Representatividade: carnaval vitorioso de 2019 celebra os esquecidos e injustiçados




O carnaval é a festa mais democrática e popular do Brasil. É até estranho que um sujeito eleito como presidente desta dita nação, que se intitula como fervoroso patriota, não saiba disso e tome a folia como pretexto para difamar o país e a sua gente aos olhos do mundo, de forma vergonhosa. Mas enquanto o dito cujo prosseguia em sua derrapada escatológica, São Paulo e Rio de Janeiro conheceram nos últimos dias as escolas de samba campeãs de seus carnavais.

Em território paulista, deu Mancha Verde, que levou para o Sambódromo do Anhembi um desfile sobre a história da princesa africana Aqualtune – avó de Zumbi dos Palmares. Já na Cidade Maravilhosa, em plena Marquês de Sapucaí, a consagrada Mangueira recontou a história do Brasil a partir da trajetória dos índios e dos negros.  Tais reconhecimentos vieram a calhar num momento como esse, em que o país – via o seu maior representante institucional – flerta com o obscurantismo. Grandes agremiações carnavalescas levaram para a avenida importantes reflexões acerca da luta e da representatividade de minorias sociais. Sem hesitação, o carnaval de 2019 repetiu a fórmula: abriu a nossa caixa preta. 

O primeiro título em 19 anos de Mancha Verde veio com o enredo “Oxalá, Salve a Princesa! A Saga de uma Guerreira Negra”, que trouxe como tema a vida de uma mulher negra, símbolo de resistência: Aqualtune. Alegorias mostraram escravidão, intolerância religiosa e direitos dos negros e das mulheres. Um dos destaques do desfile foi Renata Pereira Ventura dos Santos, a grávida que representou a princesa africana sendo conduzida ao Brasil mesmo com um filho no ventre – o futuro Ganga Zumba, pai de Zumbi dos Palmares.

A rainha de bateria da Mancha Verde, Viviane Araújo, representou uma princesa africana (Crédito: Fábio Tito / G1)

Diferentemente da escola paulista, a Mangueira não é marinheira de primeira viagem quando o assunto é campeonatos de carnaval. Em sua 20ª vitória, a Verde e Rosa criticou a história “oficial” do Brasil com o enredo “História para Ninar Gente Grande”. Ao contrário das figuras tradicionais constantes nos livros escolares, a escola carioca trouxe para a passarela os índios e negros como verdadeiros heróis, por resistirem há séculos de opressão, além de ajudarem na construção e formação do país. Batalhas entre índios e portugueses, dizimação da população indígena, representação feminina e negra, lembrança de heróis esquecidos e sátira de ícones históricos (como Pedro Álvares Cabral e D. Pedro II) estiveram apresentados nas alas da Mangueira. Ademais, o samba citou o nome da então vereadora Marielle Franco, assassinada a tiros em março do ano passado e cujo caso até hoje não teve uma solução.
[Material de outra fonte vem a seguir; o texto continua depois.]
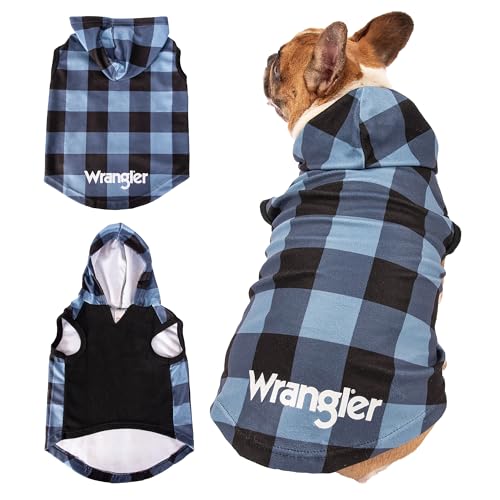Wrangler Hunde-Kapuzenpullover – Fleece-Hundepullover mit Loch für die Leine, kaltes Winter-Sweatshirt für kleine, mittelgroße und große Hunde, hochwertige Hundekleidung, Herbst-Hundepullover,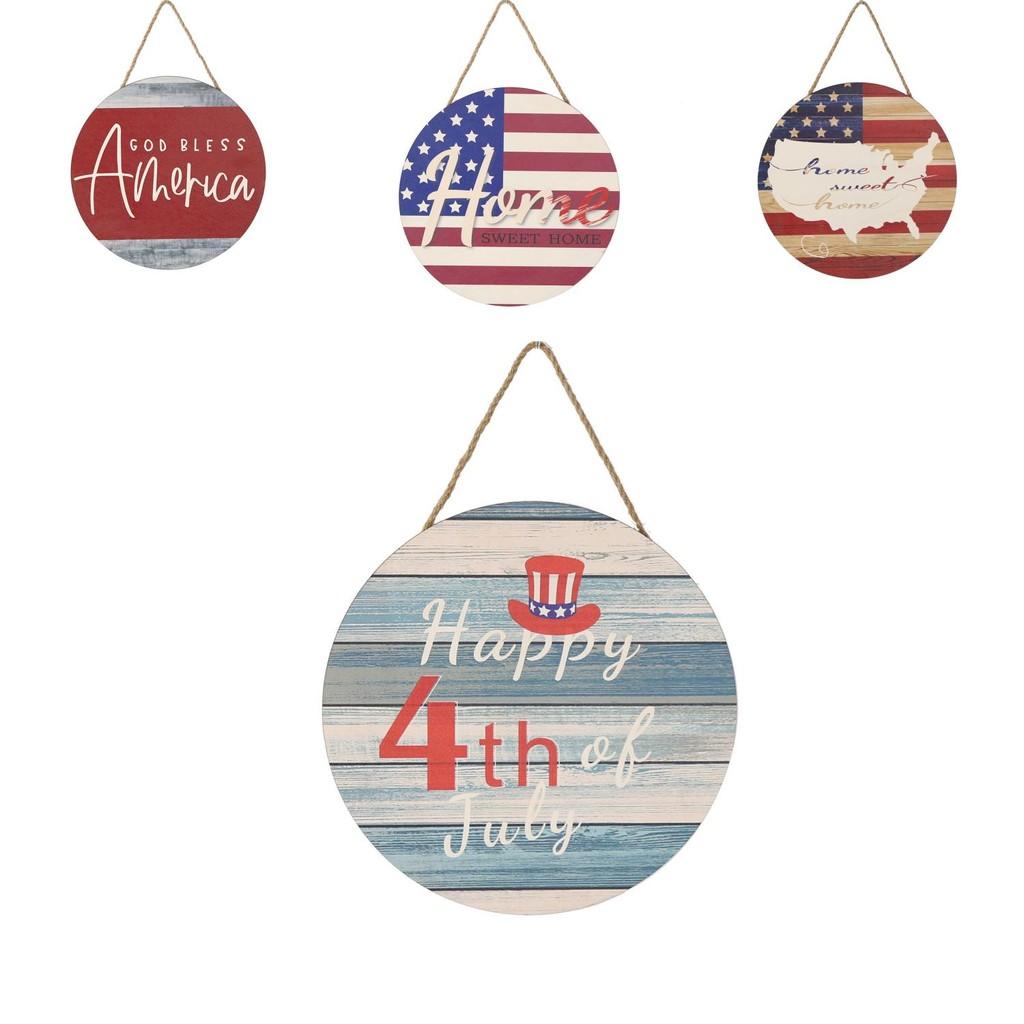Unique Independence Day Wooden Signage For Festive Home Decor With American Flag Motif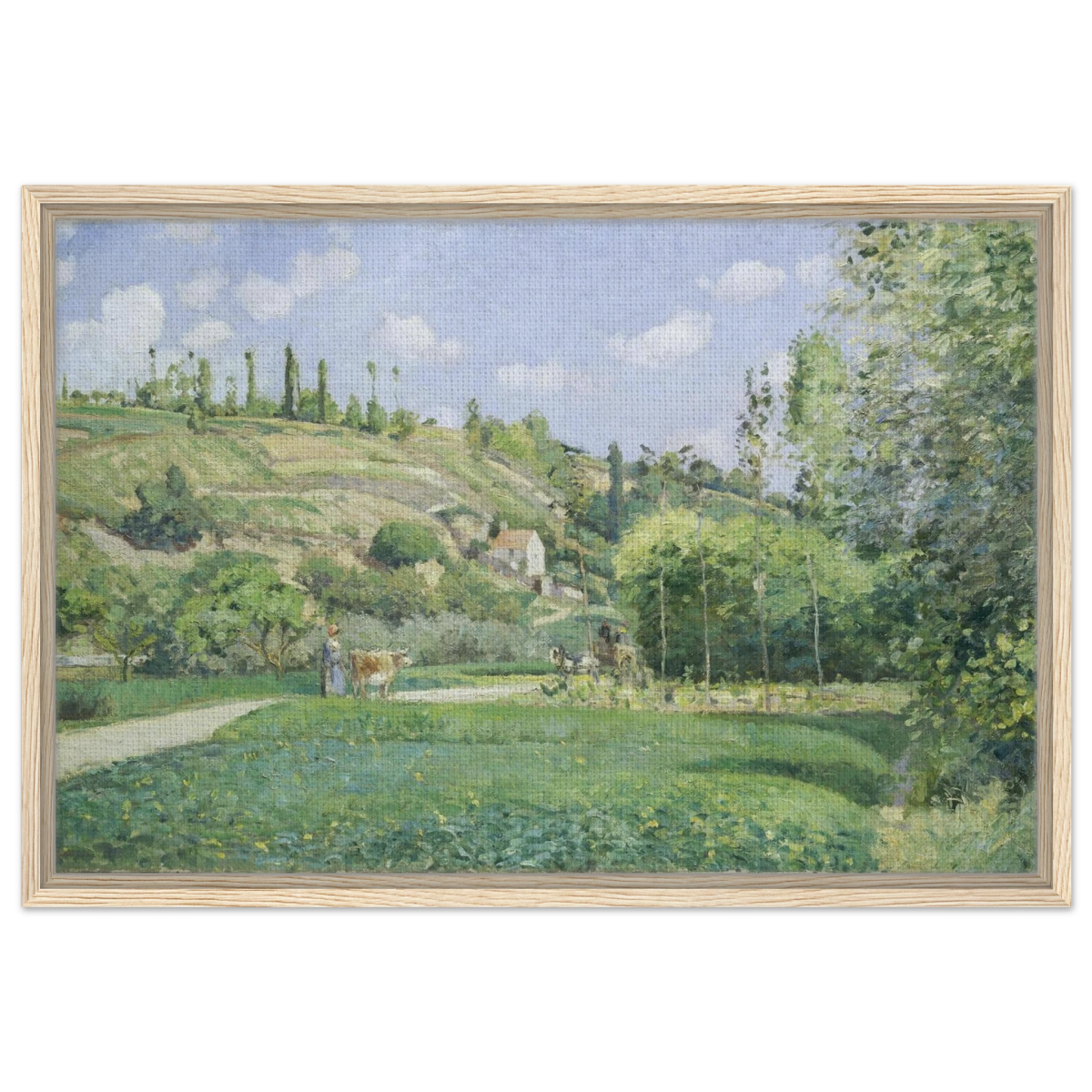 A Cowherd at Valhermeil, Auvers - sur - Oise (1874) by Camille Pissarro | Nature Wall art Print - Framed Canvas - 50x75 cm / 20x30″ - Wood frame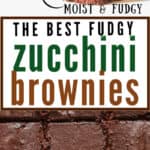 fudgy moist zucchini brownies with text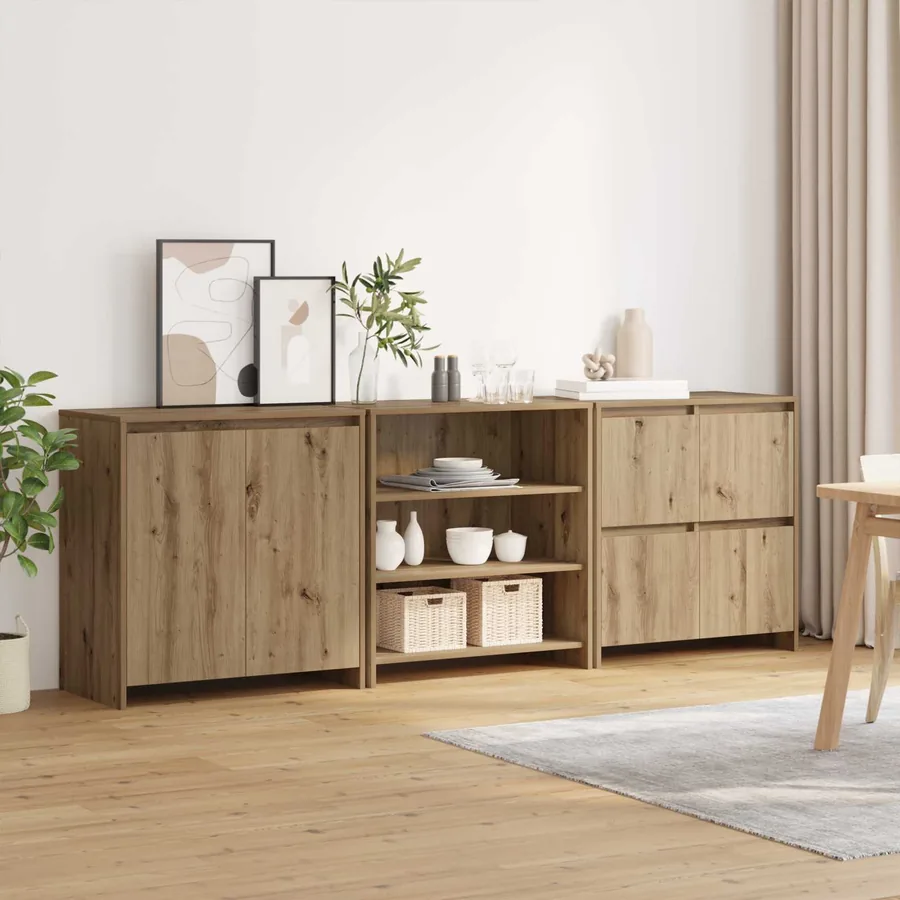 Buffet 3 pcs Chêne artisanal 70 x 41 x 75 cm Bois d'ingénierie - 3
Carro alegórico da Mangueira simbolizou o Quilombo dos Palmares (Crédito: Rodrigo Gorosito / G1)

Outras escolas também deram seu show em tom politizado. A Vila Isabel, no Rio, em seu desfile sobre a história da cidade de Petrópolis, também homenageou Marielle Franco em uma das alas sobre escravidão. A Paraíso do Tuiuti apostou no bom humor ao contar a história do bode Ioiô – eleito vereador no Ceará nos anos 1920 – e relacioná-la ao cenário político atual. Problemas sociais como pobreza, desigualdade e desilusão política pautaram o samba. A ala “O bode da resistência e a coxinha ultraconservadora” era uma alusão clara à polarização política, que permeou as últimas eleições presidenciais no Brasil. As coxinhas empunhavam uma arma, lembrando os apoiadores de Bolsonaro. Os bodes vestidos de vermelho eram uma referência à cor do PT e à esquerda.

Nesse andar da carruagem, pode ser que o assunto “carnaval” já está morto e enterrado para uma parcela de brasileiros. Afinal, o ano precisa começar de fato (e urgente). Contudo, se ainda acha que a onda do “mimimi” invadiu não só a folia, mas o cotidiano de norte a sul do país, (re) veja os desfiles das escolas de samba de 2019. Terá de modo acessível uma aula de história didática, popular, artística e bem malemolente. Se tem gente que gasta um tempo precioso nas redes sociais com prioridades do tipo “o que é golden shower?”, quiçá tenha disponibilidade para combater a ignorância e o iletramento político , social e histórico.